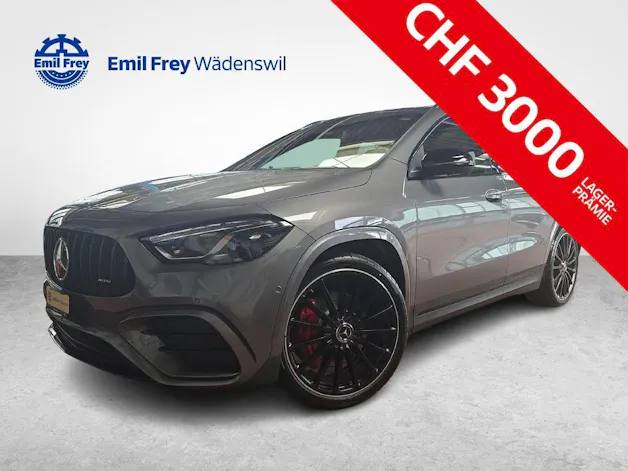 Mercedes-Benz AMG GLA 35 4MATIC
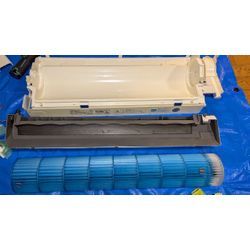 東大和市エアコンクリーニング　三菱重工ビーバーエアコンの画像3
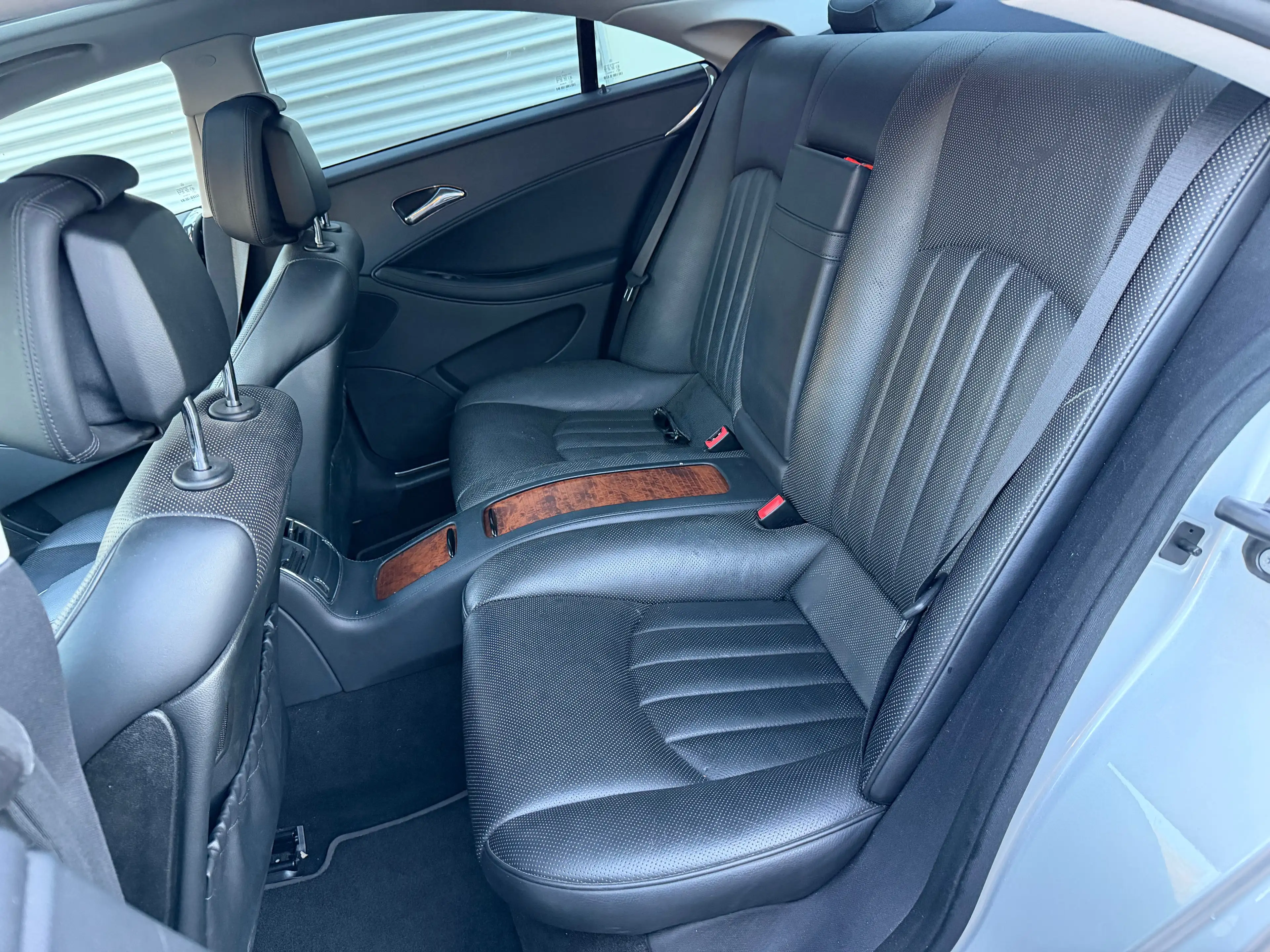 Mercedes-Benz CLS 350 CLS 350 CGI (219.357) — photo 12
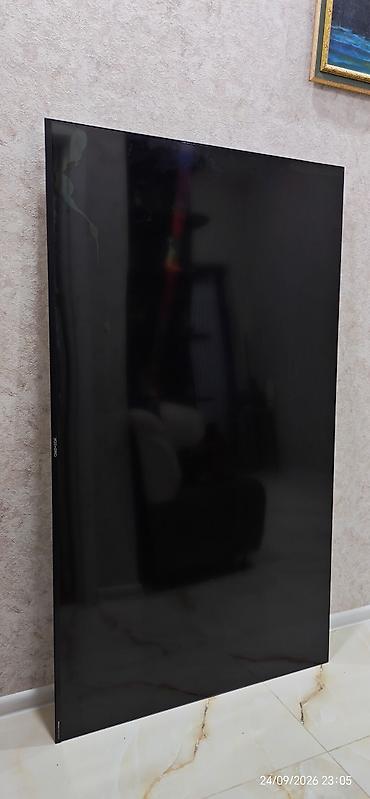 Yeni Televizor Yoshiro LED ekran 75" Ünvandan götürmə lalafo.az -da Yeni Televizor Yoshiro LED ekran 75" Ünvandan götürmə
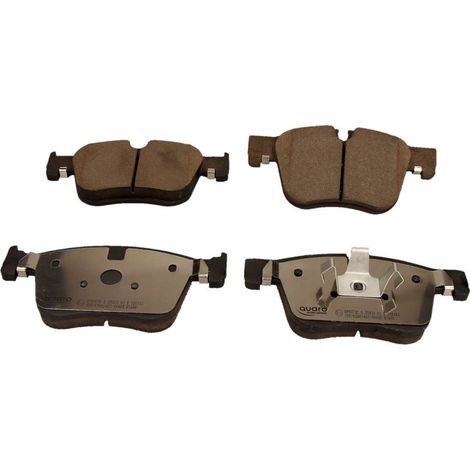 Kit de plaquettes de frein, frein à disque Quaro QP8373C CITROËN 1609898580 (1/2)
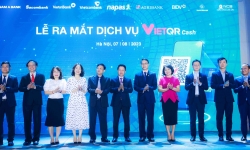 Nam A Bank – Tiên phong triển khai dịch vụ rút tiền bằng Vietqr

Description of the task: Please transcribe the lines from the one containing "Ünvandan götürmə lalafo.az" to the last line of the listing, both included, exactly and with nothing added, leaving every picture out.

Exercise answer:
 Yeni Televizor Yoshiro LED ekran 75" Ünvandan götürmə lalafo.az -da Yeni Televizor Yoshiro LED ekran 75" Ünvandan götürmə
 Kit de plaquettes de frein, frein à disque Quaro QP8373C CITROËN 1609898580 (1/2)
 Nam A Bank – Tiên phong triển khai dịch vụ rút tiền bằng Vietqr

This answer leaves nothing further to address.